═══ Raw data ═══
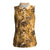 Hawaii Gold Tropical Leaves Women Sleeveless Polo Shirt - Polynesian Pride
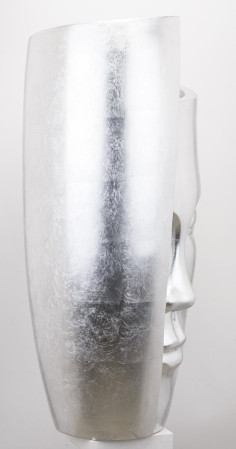 detail Stříbrná váza obličej 111 cm GD DESIGN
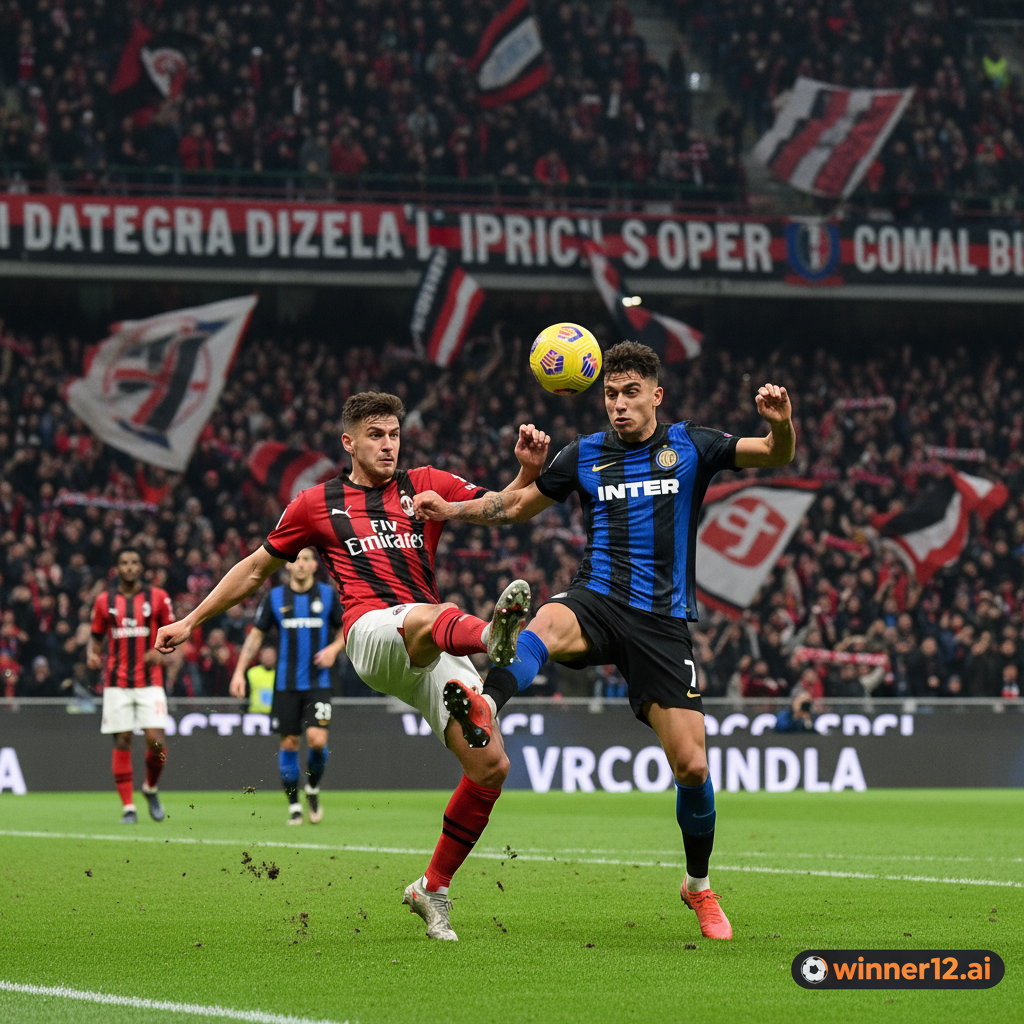 Alt text: Realistic and detailed poster of a fierce Milan Derby soccer scene showing two rival players in dynamic action wearing authentic AC Milan and Inter Milan kits on a lush, well-lit stadium pitch with passionate fans waving scarves and flags, emphasizing intense rivalry and bragging rights, featuring subtle winner12.ai logo in the corner.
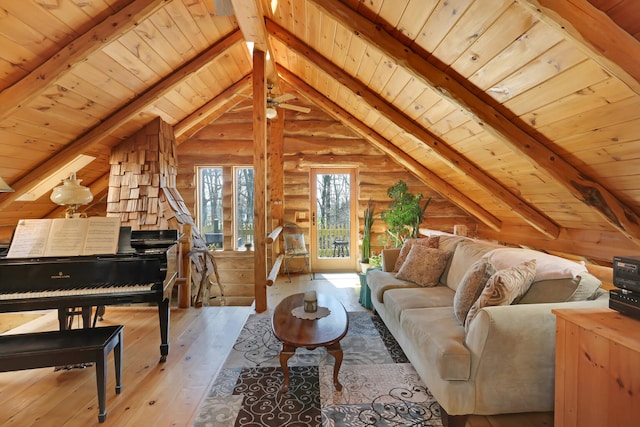 2655 County Road 550 E, Mahomet, IL 61853 - living area featuring hardwood / wood-style floors, wooden ceiling, vaulted ceiling with beams, and log walls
═══
## What is required:
Since pictures are not part of the copy, set down only the remaining data exactly.

## Response area:
 Hawaii Gold Tropical Leaves Women Sleeveless Polo Shirt - Polynesian Pride
 detail Stříbrná váza obličej 111 cm GD DESIGN
 Alt text: Realistic and detailed poster of a fierce Milan Derby soccer scene showing two rival players in dynamic action wearing authentic AC Milan and Inter Milan kits on a lush, well-lit stadium pitch with passionate fans waving scarves and flags, emphasizing intense rivalry and bragging rights, featuring subtle winner12.ai logo in the corner.
 2655 County Road 550 E, Mahomet, IL 61853 - living area featuring hardwood / wood-style floors, wooden ceiling, vaulted ceiling with beams, and log walls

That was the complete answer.